The little leveret in my drawing, for example, still to be encountered in autumn, could be perfectly warm and safe where it is, waiting for mother hare to come and feed it from time to time. Many young birds, too, are content to wait on their own. Rescue is best saved for obviously injured animals and birds, cold and limp, and the website lists the right contacts, such as Hedgehog Rescue Dublin, or the Kildare Animal Foundation, to help with rehabilitation.
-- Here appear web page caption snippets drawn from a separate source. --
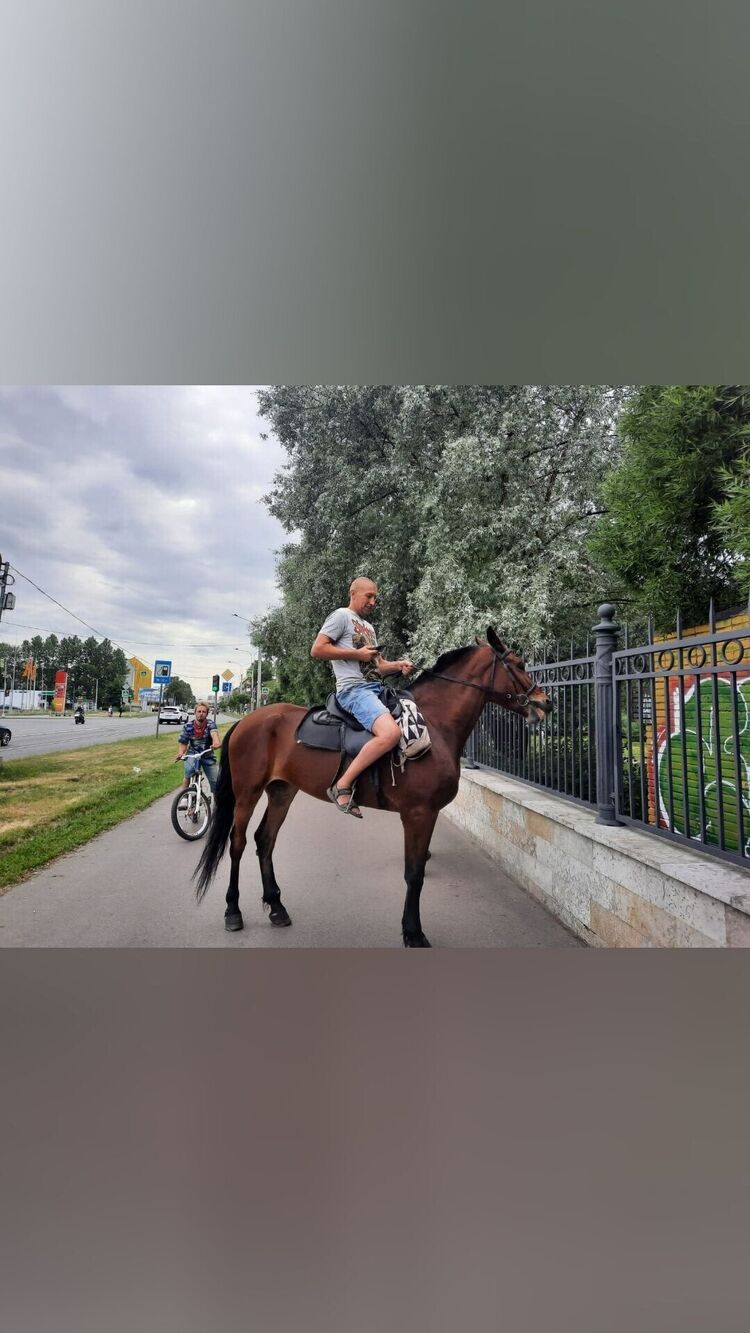 ���� 27740505 ������� �������, 51 ���, ���� ���������� � �����-����������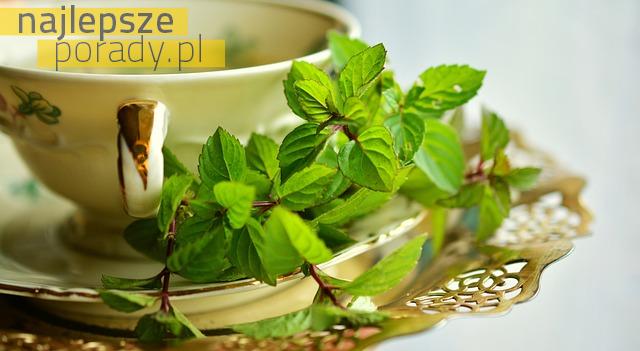 Jak zrobić herbatę ziołową?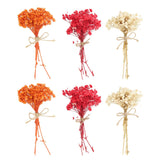 6 Pcs Mini Dried Flower Bouquet Baby's Breath Boho DIY Gift Orange/Red/White Dried Flower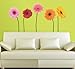 RoomMates RMK1279GM Gerber Daisies Peel and Stick Wall Decals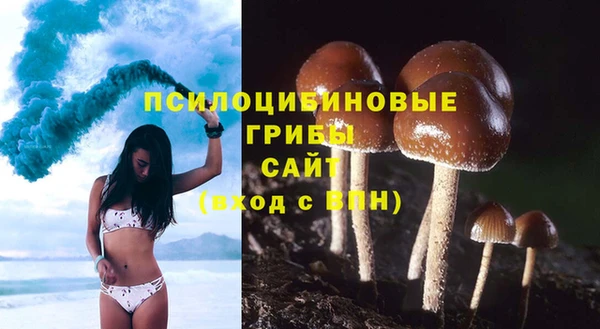 тгк Белокуриха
This weekend WRI is hosting its second all-Ireland conference on wildlife crime, at Ashbourne, in Co Meath. Backed by the Veterinary Council of Ireland and the Law Society of Ireland, it has an impressive roster of speakers, drawn from government agencies and police, veterinary pathologists, conservation rangers, wildlife NGOs and voluntary groups and activists involved in animal care and conservation.

Poisoning of raptors, baiting of badgers, damage to protected habitats, illegal traps and snares, trade in rare animals and birds: all figure in the crime sheet of Irish wildlife. If care for nature has taken time to find room in the political life of this island, the WRI conference strengthens the network of effective and professional concern.